Directions
Transcribe all of the data exactly, leaving nothing out.

Data items:
((

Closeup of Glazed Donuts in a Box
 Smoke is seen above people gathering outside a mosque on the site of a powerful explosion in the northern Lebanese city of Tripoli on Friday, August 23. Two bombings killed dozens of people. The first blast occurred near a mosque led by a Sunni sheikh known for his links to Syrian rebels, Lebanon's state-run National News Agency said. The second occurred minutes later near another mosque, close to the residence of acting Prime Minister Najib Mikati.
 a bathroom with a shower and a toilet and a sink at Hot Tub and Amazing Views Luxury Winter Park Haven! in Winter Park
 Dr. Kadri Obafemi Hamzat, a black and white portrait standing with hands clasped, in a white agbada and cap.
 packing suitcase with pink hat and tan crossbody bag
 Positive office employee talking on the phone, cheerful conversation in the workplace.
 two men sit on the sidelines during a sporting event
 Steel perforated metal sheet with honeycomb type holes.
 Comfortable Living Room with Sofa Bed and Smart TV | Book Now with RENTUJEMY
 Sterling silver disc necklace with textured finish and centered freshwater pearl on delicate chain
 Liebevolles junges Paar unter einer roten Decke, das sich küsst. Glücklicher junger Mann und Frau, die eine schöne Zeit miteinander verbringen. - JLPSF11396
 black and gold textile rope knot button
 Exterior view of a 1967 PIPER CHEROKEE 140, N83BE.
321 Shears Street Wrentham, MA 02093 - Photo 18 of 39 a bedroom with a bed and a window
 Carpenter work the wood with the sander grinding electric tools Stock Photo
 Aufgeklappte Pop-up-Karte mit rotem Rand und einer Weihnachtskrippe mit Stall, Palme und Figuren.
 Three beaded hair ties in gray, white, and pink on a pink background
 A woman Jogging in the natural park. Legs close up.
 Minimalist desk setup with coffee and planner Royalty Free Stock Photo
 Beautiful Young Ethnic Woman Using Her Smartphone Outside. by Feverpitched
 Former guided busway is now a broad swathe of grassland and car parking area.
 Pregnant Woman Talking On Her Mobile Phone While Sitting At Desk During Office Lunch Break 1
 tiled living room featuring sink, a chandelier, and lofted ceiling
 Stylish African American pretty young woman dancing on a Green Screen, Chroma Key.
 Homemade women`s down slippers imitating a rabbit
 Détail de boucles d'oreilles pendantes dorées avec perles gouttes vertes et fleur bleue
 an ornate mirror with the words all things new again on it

))

Reply
Closeup of Glazed Donuts in a Box
 Smoke is seen above people gathering outside a mosque on the site of a powerful explosion in the northern Lebanese city of Tripoli on Friday, August 23. Two bombings killed dozens of people. The first blast occurred near a mosque led by a Sunni sheikh known for his links to Syrian rebels, Lebanon's state-run National News Agency said. The second occurred minutes later near another mosque, close to the residence of acting Prime Minister Najib Mikati.
 a bathroom with a shower and a toilet and a sink at Hot Tub and Amazing Views Luxury Winter Park Haven! in Winter Park
 Dr. Kadri Obafemi Hamzat, a black and white portrait standing with hands clasped, in a white agbada and cap.
 packing suitcase with pink hat and tan crossbody bag
 Positive office employee talking on the phone, cheerful conversation in the workplace.
 two men sit on the sidelines during a sporting event
 Steel perforated metal sheet with honeycomb type holes.
 Comfortable Living Room with Sofa Bed and Smart TV | Book Now with RENTUJEMY
 Sterling silver disc necklace with textured finish and centered freshwater pearl on delicate chain
 Liebevolles junges Paar unter einer roten Decke, das sich küsst. Glücklicher junger Mann und Frau, die eine schöne Zeit miteinander verbringen. - JLPSF11396
 black and gold textile rope knot button
 Exterior view of a 1967 PIPER CHEROKEE 140, N83BE.
321 Shears Street Wrentham, MA 02093 - Photo 18 of 39 a bedroom with a bed and a window
 Carpenter work the wood with the sander grinding electric tools Stock Photo
 Aufgeklappte Pop-up-Karte mit rotem Rand und einer Weihnachtskrippe mit Stall, Palme und Figuren.
 Three beaded hair ties in gray, white, and pink on a pink background
 A woman Jogging in the natural park. Legs close up.
 Minimalist desk setup with coffee and planner Royalty Free Stock Photo
 Beautiful Young Ethnic Woman Using Her Smartphone Outside. by Feverpitched
 Former guided busway is now a broad swathe of grassland and car parking area.
 Pregnant Woman Talking On Her Mobile Phone While Sitting At Desk During Office Lunch Break 1
 tiled living room featuring sink, a chandelier, and lofted ceiling
 Stylish African American pretty young woman dancing on a Green Screen, Chroma Key.
 Homemade women`s down slippers imitating a rabbit
 Détail de boucles d'oreilles pendantes dorées avec perles gouttes vertes et fleur bleue
 an ornate mirror with the words all things new again on it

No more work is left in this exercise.